By Jorge Aguilar, Food & Water Watch
If 2025 had to be described in a few short words, “affordability” and “data centers” aren’t a bad place to start. Across the nation, communities were blindsided by the rise of energy-hungry, water-guzzling data centers. Powered by fossil fuels and built to enable the rise of artificial intelligence, this burgeoning industry threatens to reshape America’s energy usage and environmental impact.
If these facilities are developed at the rate Big Tech is hoping for, the nation will triple its amount of data centers between 2023 and 2028. Our analysis found that that number of data centers would consume the same amount of energy as 30 million homes, and the same amount of water as 18.5 million homes — all to power and cool these facilities.

That is why Food & Water Watch was the first national organization to call for a moratorium on new data center construction. Last month, over 230 local, state and national organizations sent a letter to Congress urging a halt to the proposal and construction of new data centers until adequate regulations are implemented to protect people, our wallets and the planet.
The issue has landed in every corner of the country, including right here in Florida. Think of this data center boom as a negative feedback loop. If massive data centers are built in Florida, it increases the amount of fossil fuels being burned to power them. Those fossil fuels then go on to change our climate and intensify our weather, leading to costly and deadly extreme weather events, from hurricanes to flooding.

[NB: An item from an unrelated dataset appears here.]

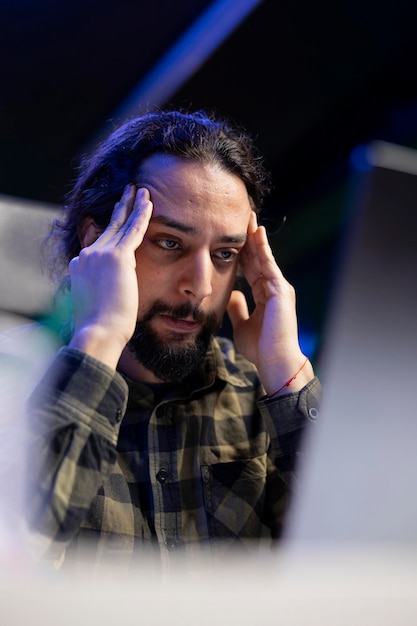 Free photo stressed person sits in front of laptop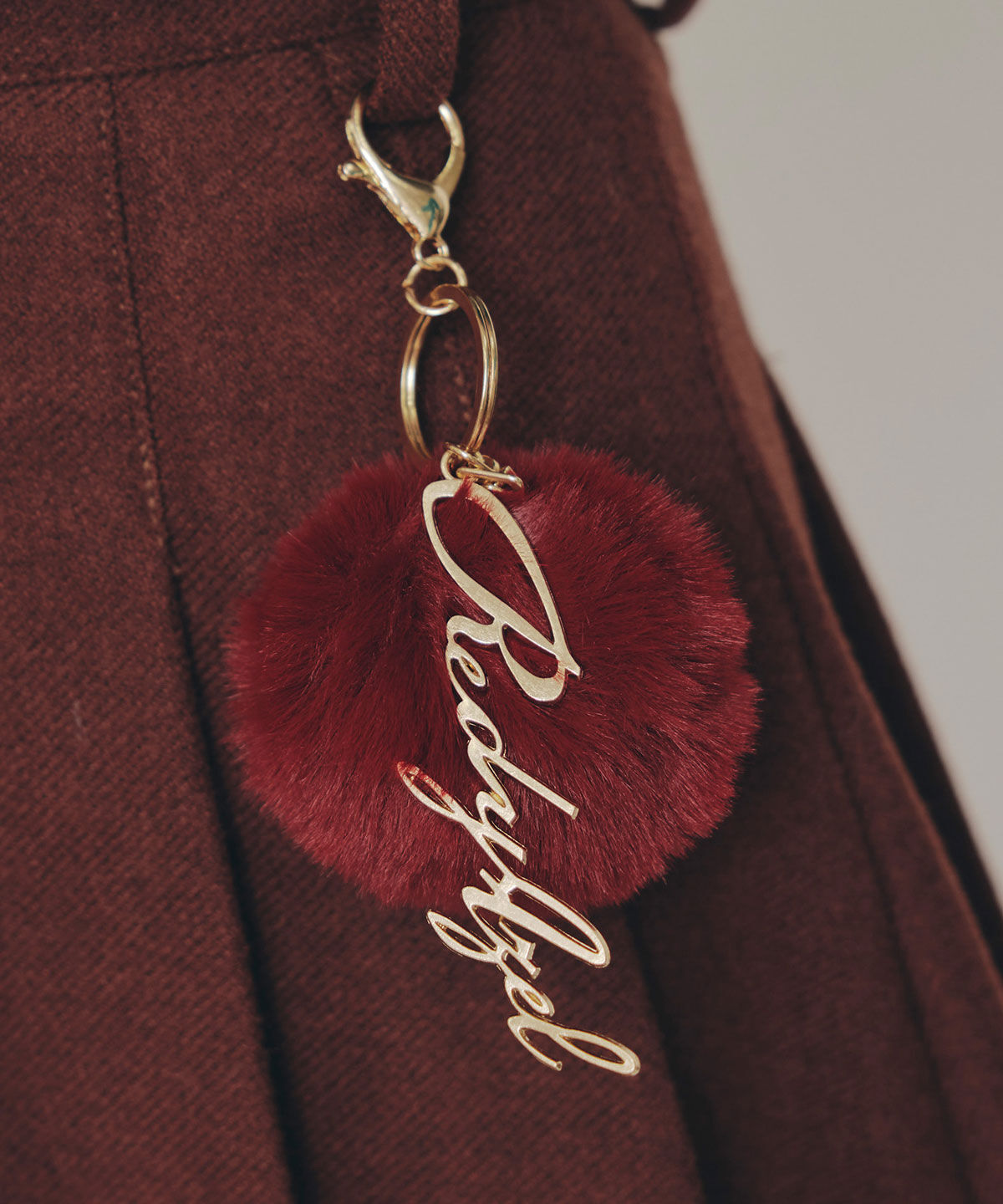 REDYAZEL「ファーチャームウールライクプリーツミニスカート」|フレア|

Then our electricity companies charge us extra for storm recovery costs, raising our electricity bills — the same bills that have been skyrocketing due in part to Florida utilities’ overreliance on expensive fossil fuels. It’s a lose-lose situation all around – for our wallets, our climate and our families.
As it stands, nearly half of all Florida households struggle to make ends meet. Last year, energy prices rose at more than twice the rate of inflation. From December 2020 to January 2026, Food & Water Watch finds that Tampa Electric (TECO) customer bills increased 82%, 42% for Duke Energy and 45% for Florida Power & Light.
By straining the grid and threatening to further increase residential electricity bills, data centers could make the situation even more dire. People are voicing their opposition to both rate hikes and data center development — as the issues go hand-in-hand — because people want clean water, lower electricity bills and more job opportunities. Data centers won’t accomplish any of that.
This issue came to a head last month in Palm Beach County where a contentious nearly 2 million square foot data center is proposed. Community pushback led officials to postpone Project Tango’s hearing until April to allow for residential input. Now, Florida legislators are engaging on this issue and raising red flags.
Data centers also threaten employment and our economic futures. New Food & Water Watch research released this month reveals that job estimates from data center build-outs are grossly inflated. The research finds that as few as 23,000 people likely held permanent jobs at American data centers as of 2024 — about 0.01 percent of all employment across the country.

Now, as Florida faces the highest levels of unemployment seen in the past four years, elected officials must additionally consider the tradeoffs of bringing in an industry capable of unprecedented and stunning ramifications. Simply put, are all the various impacts worth the tradeoffs? Some state legislators, and Gov. Ron DeSantis, think not.
Data centers have no place in Florida. As a state facing drinking water shortages, historic electric utility rate hikes and an affordability crisis, our resources are better directed toward community need instead of private gain. Things like the Affordable Energy Reform Act, introduced this week by state Sen. Carlos Guillermo Smith, are where the state’s energies should be focused — on prioritizing the needs of everyday residents trying to get by.
Florida needs to halt all new data center projects until our elected officials can determine if these facilities can coexist in harmony with people and our environment. Florida leaders need to focus on what’s in the interest of the many and not just the few.
Jorge Aguilar is southern regional director for Food & Water Watch. Banner photo: Cooling units and backup generators on the roof of a data center (Rsparks3, CC0, via Wikimedia Commons).